Again thanks for the comments!

I'd like to adress some things in no particular order:

We all fully understand that the atemi demonstrated were just that > for demonstration.

The only uses I have seen for atemi are ending fights via shattering bones or causing massive skeletal damage. The uses seen at the expo were along the lines of hitting uke 3-5 times then throwing him. I have never even heard of atemi being used to throw, and the concept actually is almost beyond comprehension. If you can touch someone and throw them then why hit them to throw?

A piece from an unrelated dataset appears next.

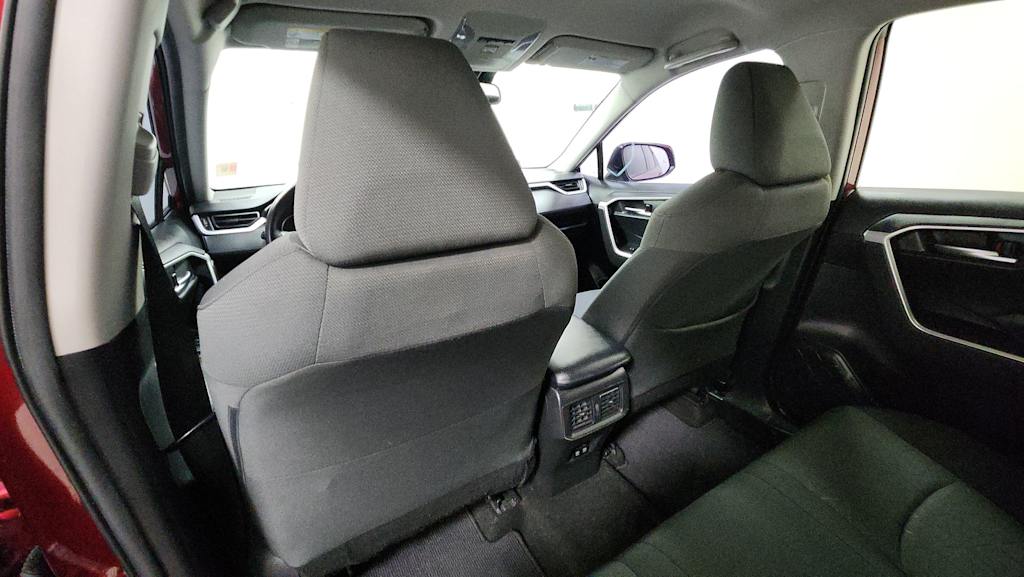 Thumbnail: 2020 Toyota RAV4 - 31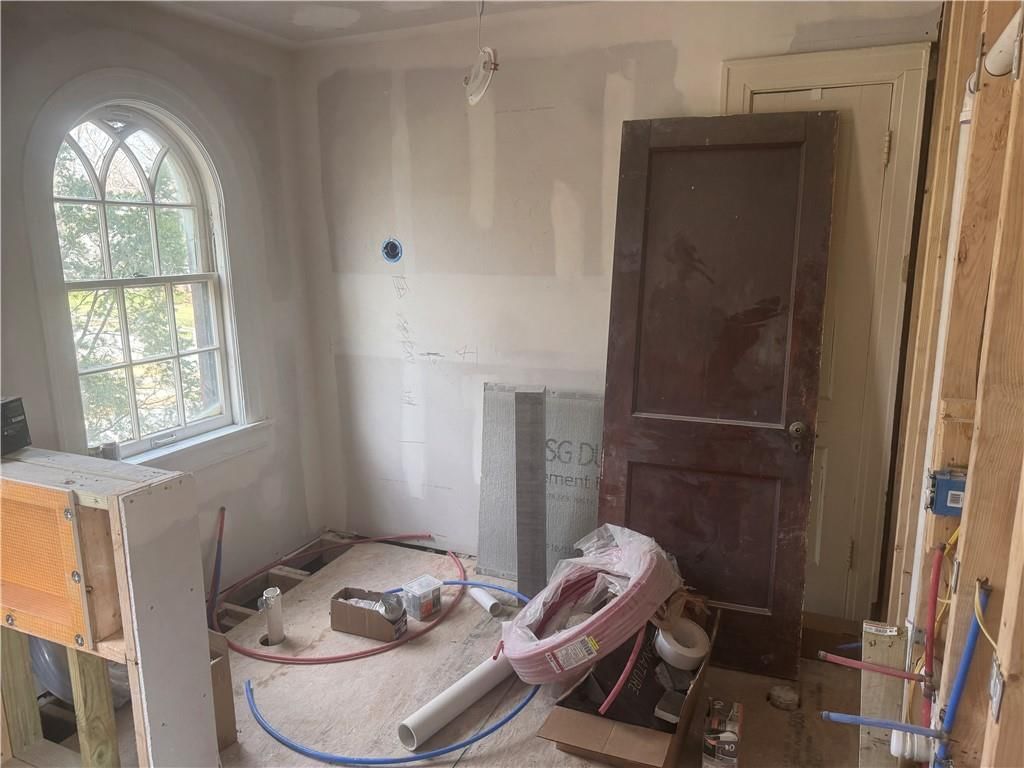 5500 Central Street — photo 22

I tend to agree with Ian in most areas. If DR was traditionally taught in three parts, which makes sense, then that is all well and good. But, by his own admission, Sensei is teaching us the way he wishes he was taught instead of the way he was. Ian's explination is quite probable.

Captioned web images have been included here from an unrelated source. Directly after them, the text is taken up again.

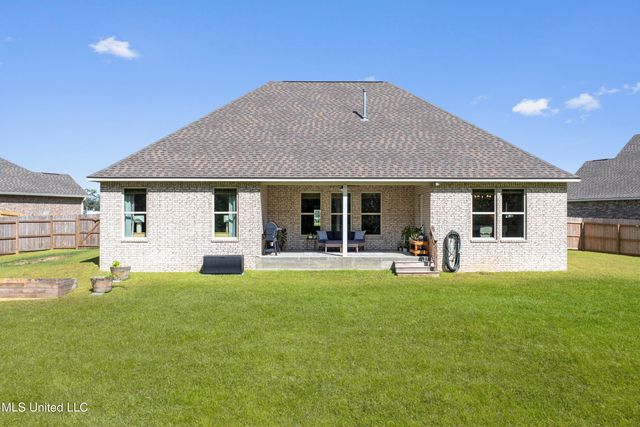 14267 Swan Ridge Circle, Gulfport, MS 39503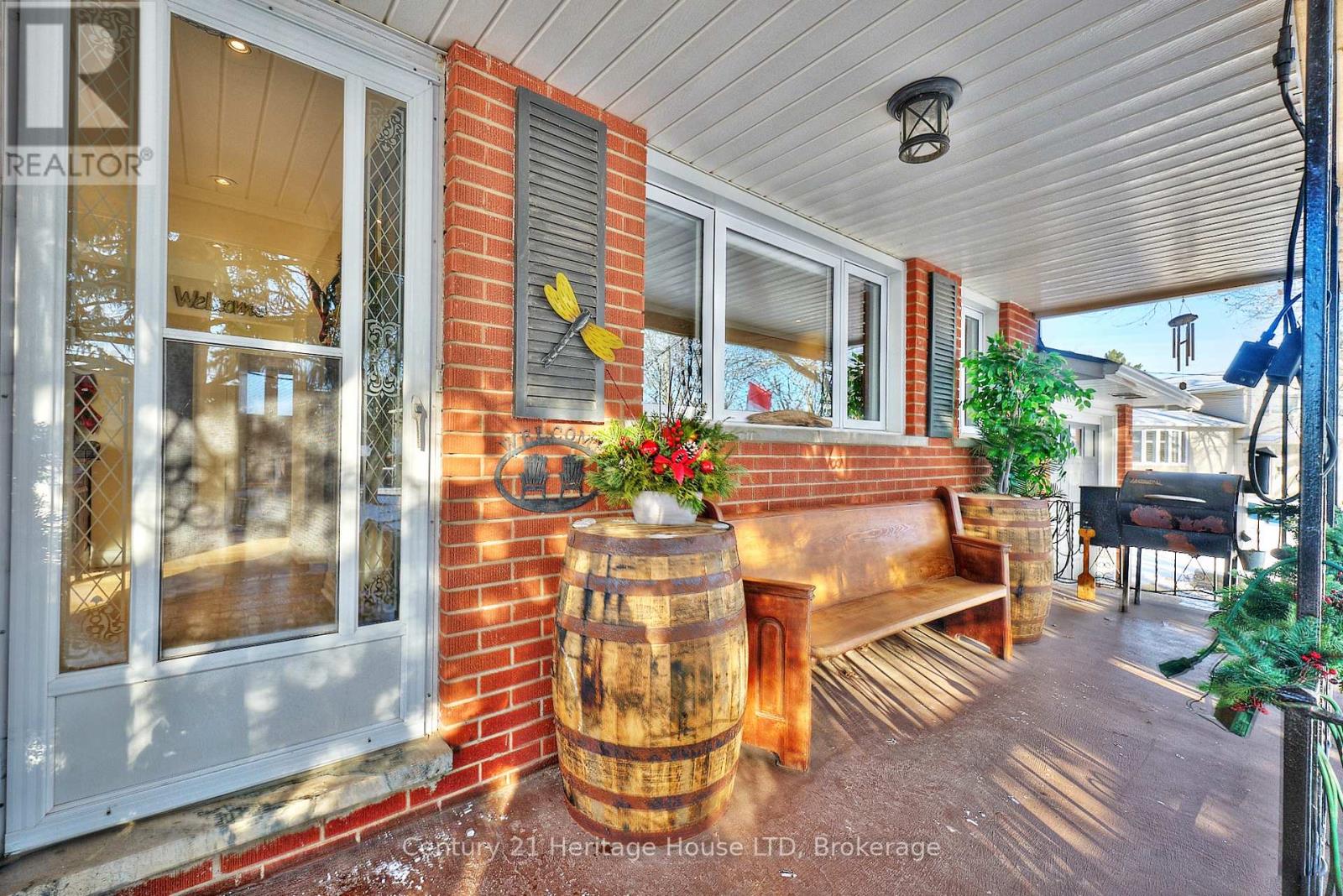 6887 Fairlawn Crescent, Niagara Falls, Ontario  L2G 5B1 - Photo 31 - X12614056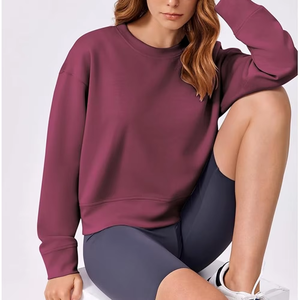 Sudadera de mujer de moda Diseño simple Cozy Fleece Top con impresión de logotipo personalizado - Product Image 1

I happily admit that there are no right or wrong answers to this question. One of the reasons I did not go to sensei is just to see what everyone else thinks and why. I am being trained the way that I am, I am happy with the way I am being trained, and I believe that with Sensei's past experience that he IS teaching us the way he would have liked to have been taught.

I understand that striking is a tool and has a purpose and IS worthy of being trained in. I spent the first 7 1/2 years of my total 8 years of MAs in striking arts in some shape form or fashion. I just wonder why strike when blending is easier and brings about greater affect without hurting uke.


Thanks for the great comments! Just to make sure everyone knows this, I'm not against atemi, just curious.

Dustin

LOL I just looked at the link for the animated atemi. That is a far cry from the atemi I have seen. It looks as if no strike is really even applied, more a movement of center and a appropriatey placed cut.

Last edited by DustinAcuff : 06-14-2005 at 05:01 PM.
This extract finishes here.